Generated and saved.


## LLM with Retrieval-augmented generation (RAG)

In [8]:
# Download the dataset from https://huggingface.co/datasets/Amod/mental_health_counseling_conversations
# And take a look

from datasets import load_dataset

dataset = load_dataset("Amod/mental_health_counseling_conversations")
print(dataset["train"][0])

{'Context': "I'm going through some things with my feelings and myself. I barely sleep and I do nothing but think about how I'm worthless and how I shouldn't be here.\n   I've never tried or contemplated suicide. I've always wanted to fix my issues, but I never get around to it.\n   How can I change my feeling of being worthless to everyone?", 'Response': "If everyone thinks you're worthless, then maybe you need to find new people to hang out with.Seriously, the social context in which a person lives is a big influence in self-esteem.Otherwise, you can go round and round trying to understand why you're not worthless, then go back to the same crowd and be knocked down again.There are many inspirational messages you can find in social media. \xa0Maybe read some of the ones which state that no person is worthless, and that everyone has a good purpose to their life.Also, since our culture is so saturated with the belief that if someone doesn't feel good about themselves that this is someho

In [9]:
dataset["train"].column_names

['Context', 'Response']

In [10]:
import faiss
print(faiss.__version__)
print(hasattr(faiss, 'StandardGpuResources'))

1.11.0
False


In [11]:
import re, torch, faiss
from datasets import load_dataset
from sentence_transformers import SentenceTransformer
from transformers import AutoTokenizer, AutoModelForCausalLM

# all-MiniLM-L6-v2

# 1. Only keep those contain links
ds = load_dataset("Amod/mental_health_counseling_conversations", split="train")
ds = ds.filter(lambda x: "http" in x["Response"])

questions = [r["Context"].strip() for r in ds]
answers   = [r["Response"].strip() for r in ds]   # align the index

# 2. question embedding & FAISS
embedder = SentenceTransformer("sentence-transformers/all-MiniLM-L6-v2")
q_vecs = embedder.encode(questions, normalize_embeddings=True, batch_size=64)
index  = faiss.IndexFlatIP(q_vecs.shape[1])
index.add(q_vecs)

# 3. LLM
tok = AutoTokenizer.from_pretrained("mistralai/Mistral-7B-Instruct-v0.3")
model = AutoModelForCausalLM.from_pretrained(
    "mistralai/Mistral-7B-Instruct-v0.3",
    torch_dtype=torch.float16,
    device_map="auto",
)



  return t.to(


Loading checkpoint shards:   0%|          | 0/3 [00:00<?, ?it/s]
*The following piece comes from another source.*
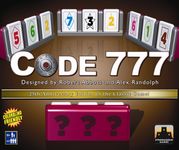 Board Game: Code 777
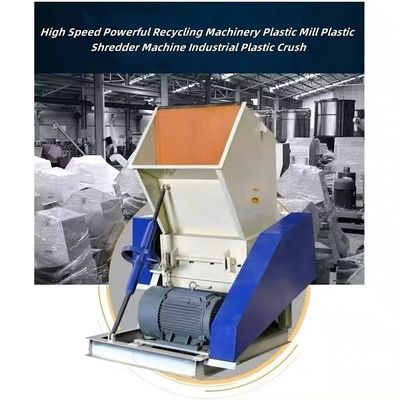 高速リサイクル機械 プラスチック・シュレッダー機械 工業用プラスチック・クラッシャー機械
Some parameters are on the meta device because they were offloaded to the cpu.


In [None]:
def rag_chat(query: str, max_new: int = 256) -> str:
    qv = embedder.encode([query], normalize_embeddings=True, convert_to_numpy=True)
    _, idx = index.search(qv, 1)            # top-1
    context = answers[int(idx[0][0])]       # Full answer with the link

    prompt = (
        "You are an empathetic mental-health assistant. Use kind language. No need to repeat the question.\n\n"
        f"Knowledge (you should use the full link it contains):\n{context}\n\n"
        f"User: {query}\nAnswer:"
    )

    with open("prompt_rag.txt", "w", encoding="utf-8") as f:
        f.write(prompt)

    inputs = tok(prompt, return_tensors="pt").to(model.device)
    out = model.generate(
        **inputs,
        max_new_tokens=max_new,
        do_sample=True,
        temperature=0.7,
        pad_token_id=tok.eos_token_id,
    )
    ans_full = tok.decode(out[0], skip_special_tokens=True)
    return ans_full[len(prompt):].strip()


In [19]:
# 5. Main: Read prompt.txt → Write output.txt
# Every winter I find myself getting sad because of the weather. How can I fight this?
# Alt: The bright, warm summer always seem to bring my mood down. I am crazy!! I love eating pizza!!!! But how can I push back against that? Can I eat more pizza?

with open("prompt.txt", "r", encoding="utf-8") as f:
    user_q = f.read().strip()

answer = rag_chat(user_q)

with open("output.txt", "w", encoding="utf-8") as f:
    f.write(answer)

print("Done! Check prompt_rag.txt and output.txt.")


Done! Check prompt_rag.txt and output.txt.